September 12, 2024 Tags:

Following an inflation report that exceeded expectations, the Federal Reserve is facing increased pressure to reconsider the size of its anticipated interest rate cut. Investors, who initially believed a larger rate reduction was possible, are now predicting a more conservative move. The chances of a significant rate cut, like 50 basis points, have dropped to just 13% from 44% a week ago, according to the CME FedWatch Tool.
Several market experts argue that a smaller cut of 25 basis points would be more appropriate under current economic conditions. Eric Wallerstein, chief markets strategist at Yardeni Research, explained that the Federal Reserve is unlikely to make a larger cut unless a severe recession or financial crisis develops. Wallerstein emphasized that a 50 basis point cut could create unwanted instability in short-term funding markets, a risk the Fed is not keen to take.

The labour market, despite signs of slowing, hasn't weakened enough to warrant a bigger rate reduction. A more dramatic slowdown in employment would be necessary to push the Fed toward a deeper cut. A weak job market could signal a recession, which the Fed wants to avoid.

Meanwhile, inflation data released this week showed that core inflation, which excludes food and energy prices, rose by 0.3% in August—slightly above expectations. This rise in inflation is likely to prompt the Fed to take a cautious approach, sticking to the smaller 25 basis point cut at its upcoming meeting.

Michael Pearce, the deputy chief economist at Oxford Economics, noted that the inflation uptick could overshadow the Fed's focus on the labour market, making a more conservative cut the likely outcome. Some analysts even suggest that a larger cut could send a negative signal about the overall health of the U.S. economy. Jennifer Lee, a senior economist at BMO Capital Markets, mentioned that a 50 basis point cut would appear as a sign of panic, something the Fed wants to avoid.
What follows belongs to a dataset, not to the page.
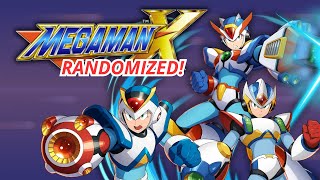 🔴 MEGA MAN X RANDOMIZED? | Gameplay and Chat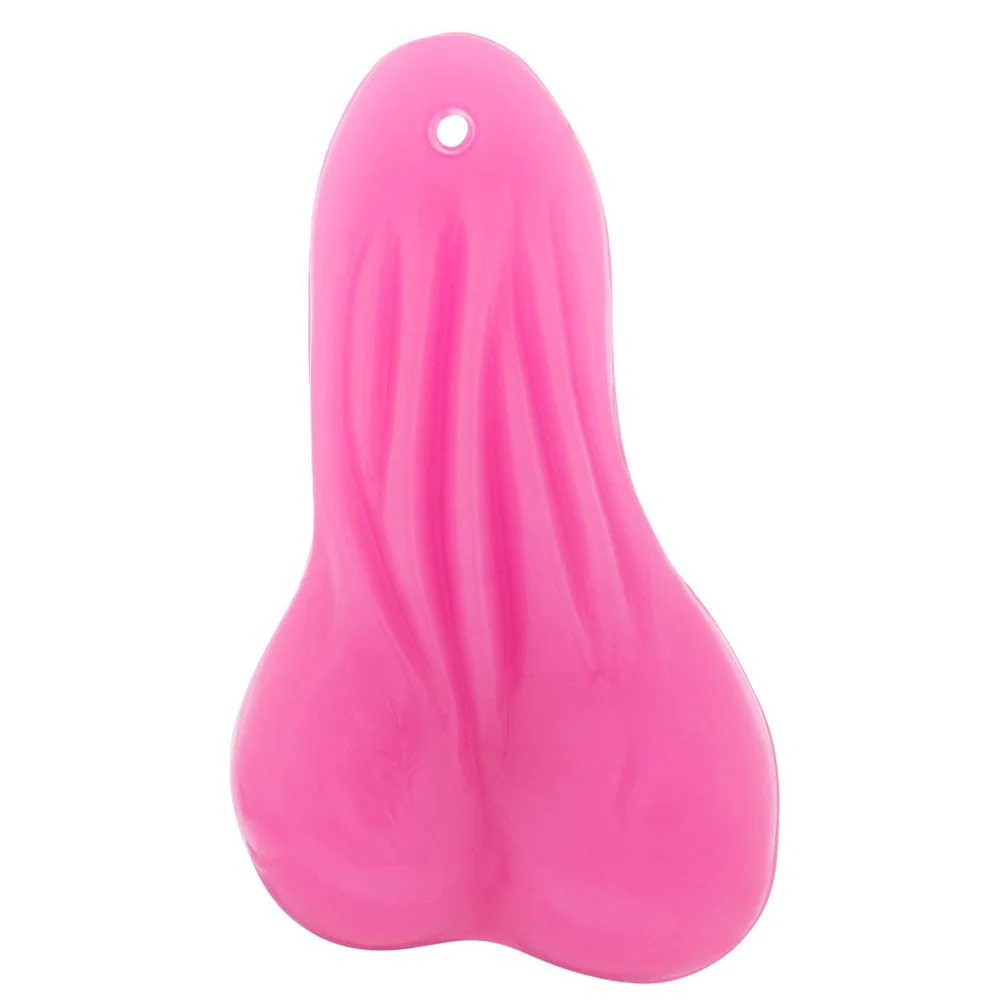 8-1/4" Large Low Hanging Rubber Balls - Image 4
Historically, when the Federal Reserve initiated rate cuts with 50 basis points, it was often followed by a recession, as seen in 2001 and 2007. Nicholas Colas, the co-founder of DataTrek, studied the Fed’s rate-cutting cycles and observed that starting with a 25 basis point cut usually indicated a mid-cycle adjustment, while a 50 basis point cut often signalled deeper economic trouble. Given this pattern, Colas believes the Fed will opt for a smaller cut to maintain stability.

Investors are now awaiting more clarity on the Fed’s future actions. The next key date is September 18, when the Federal Reserve will release its Summary of Economic Projections, shedding light on policymakers' expectations for future rate moves. For now, markets are pricing in 100 basis points of cuts by the end of the year.

Despite the uncertainty, Wallerstein pointed out that even if the Fed’s cuts fall short of market expectations, it might not be bad for stocks. If economic growth remains strong and consumer spending continues to rise, the stock market could benefit from steady earnings growth, giving it more room to improve.